When I was in San Francisco during the 80s I was in my punk rock phase and my very favorite Thrift Store was a Purple Heart near Mission and Duboce. I found clothes to shred to go with my black leather jacket and Docs as well as jeans and clothes to wear to work.
I also had a Goodwill Store I liked.
Even then I sort of tried to avoid the Sallies… Part of growing up with labor pink diapers and a political education by Pete Seeger, The Weavers and Woody Guthrie.

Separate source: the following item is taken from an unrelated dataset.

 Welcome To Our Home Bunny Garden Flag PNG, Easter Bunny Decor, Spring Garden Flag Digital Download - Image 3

I always remember Joe Hill and the songs of the I.W.W. regarding the Salvation Army.
In LA I continued to patronize the Goodwill Stores and a chain called Out of the Closet which helped finance AIDS project LA.

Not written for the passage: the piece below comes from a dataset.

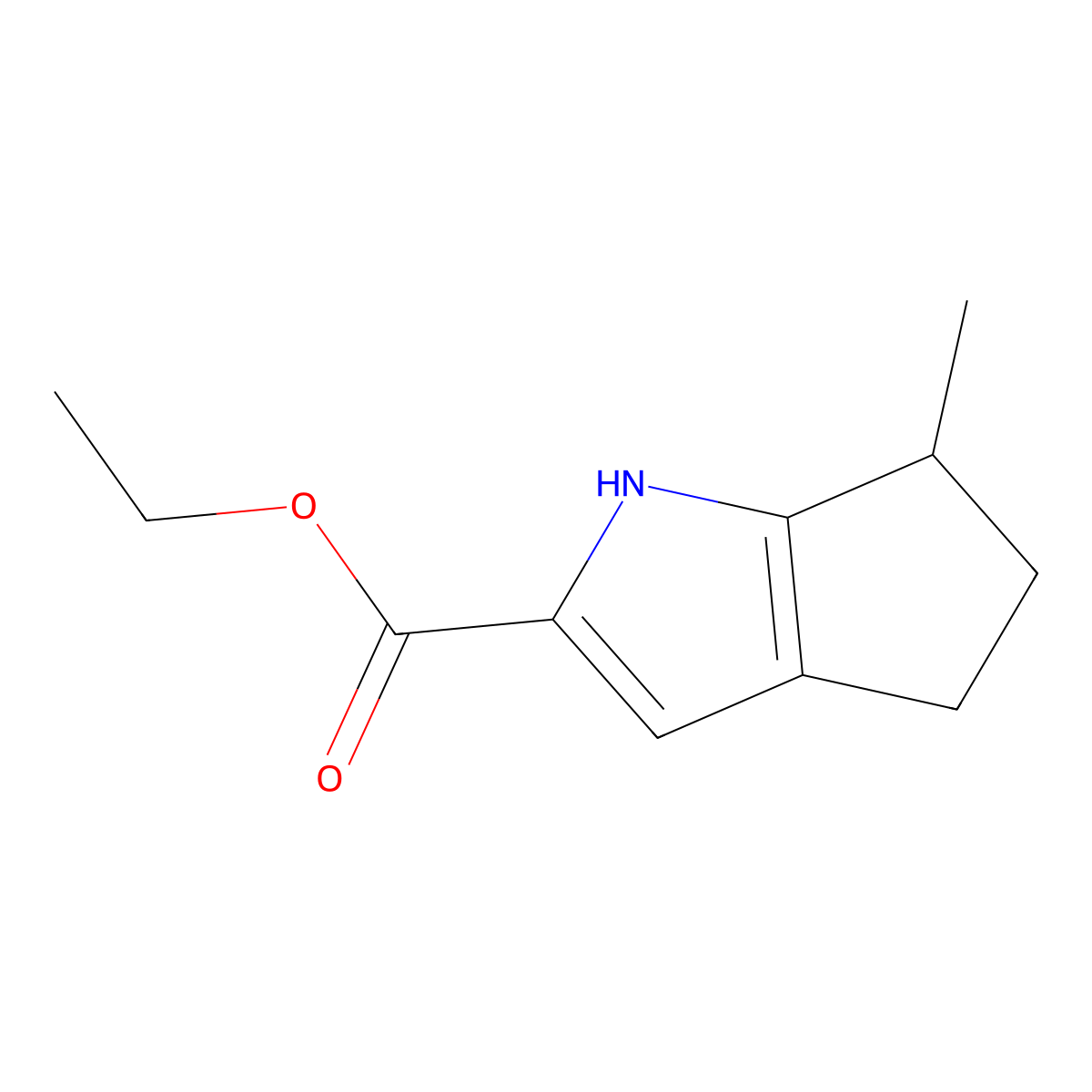 Ethyl 6-methyl-1,4,5,6-tetrahydrocyclopenta[b]pyrrole-2-carboxylate molecular structure, CAS 1207198-75-1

So after I posted a thing last week about the Salvation Army I was wondering what I could find to balance it out.
Then I came across the following:
Goodwill thrives at San Francisco thrift store
From SF Gate: http://www.sfgate.com/cgi-bin/article.cgi?f=/n/a/2010/11/28/national/a094415S53.DTL#ixzz16hdieDFE
By LISA LEFF, Associated Press
So when a prime piece of commercial real estate languished vacant in the predominantly gay Castro district, activists and city officials saw an opportunity to put a dent in the problem. The result is the nation’s first Goodwill, and perhaps the first store of any kind, designed as a jobs program for workers whose genders are different from the ones they had at birth.
Seven of the shop’s nine employees are transgender, most of them women who used to be men. Like the donated merchandise they collect and sell, all are looking for new lives. They were referred to Goodwill by the Transgender Economic Empowerment Initiative, a nonprofit training and employment service that also places workers with Macy’s, Trader Joe’s, Bank of America and other supportive companies.
Complete article at: http://www.sfgate.com/cgi-bin/article.cgi?f=/n/a/2010/11/28/national/a094415S53.DTL#ixzz16pVtELlV

11/30/2010 at 11:48 pm
Luckily, the SA left Bowling Green some years ago, so I have no problem boycotting them.
My ex-sister-in-law’s mom was the store manager there for some years, and she always made sure to take all of the best clothes and toys for her granddaughters before they were put on the racks and shelves.